The Snow Walker.......2006-03-20
This is a great collection of stories in classic Farley Mowat style; compelling. A fantastic movie was made of one of the short stories in the collection and also titled 'Snow Walker', but read the book first. He's written many wonderful books, but my favorite tales will always be of the Inuit where his love of the people and their culture shines through.
Chrissy K. McVay
author of 'Souls of the North Wind'
quick yet profound stories, eh? [no spoilers].......2005-11-29
"The Snow Walker" is a collection of beautifully written short stories centered in the extreme cold artic regions. As an individual who has ventured into the northern lands, Farley Mowat conveys ten compelling tales from natives and their cultural heritage. The narratives range from superstitious to legendary adventure and either inspires the spirit or brings a dark mood to the betrayal faced by the indigenous people by the white man.
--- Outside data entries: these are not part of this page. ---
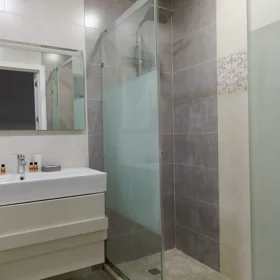 In Baku 100.0 m² apartment is for rent - Image 9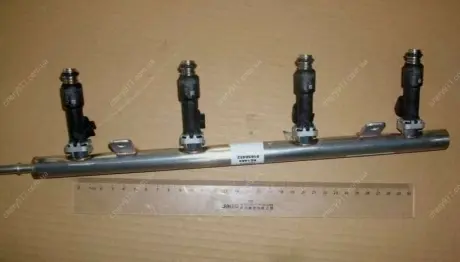 Рампа топливная в сборе с форсунками EC-8 GEELY 1016050452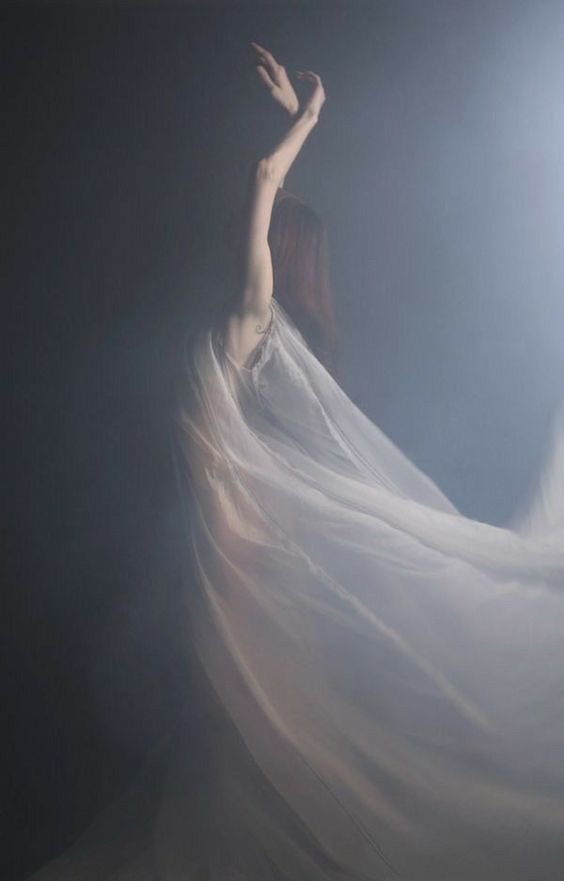 whisperingpoems's tweet image. #vss365 #lunar 

His teeth bite
into her needs,

Honing them
sharp n keen.

A lunar melting
in silvery want.
🖤
#ωнιѕρєяѕ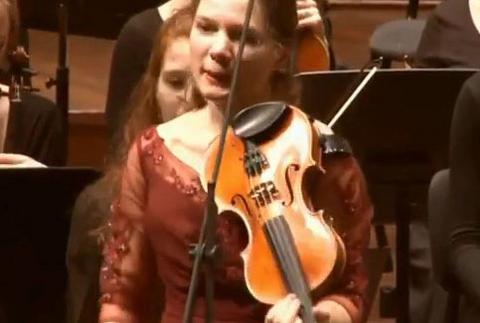 ΔΕΙΤΕ ΤΟ ΒΙΝΤΕΟ Ολλανδή βιολίστρια «έκλεισε» συναυλία της με Τσιτσάνη - Φωτογραφία 1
Those not fluent with certain acronyms or northern culture might have difficulty understanding small segments of some stories. A detailed map of the significant terrains would have been useful.
Thank you.
Not Mowat's best book.......2003-06-23
I'm a big fan of Farley Mowat, but this is not a book that I would rank among his best. I just couldn't get into it, although some of the stories were entertaining. Nagging questions about the manner in which he may have embellished the stories dogged me throughout.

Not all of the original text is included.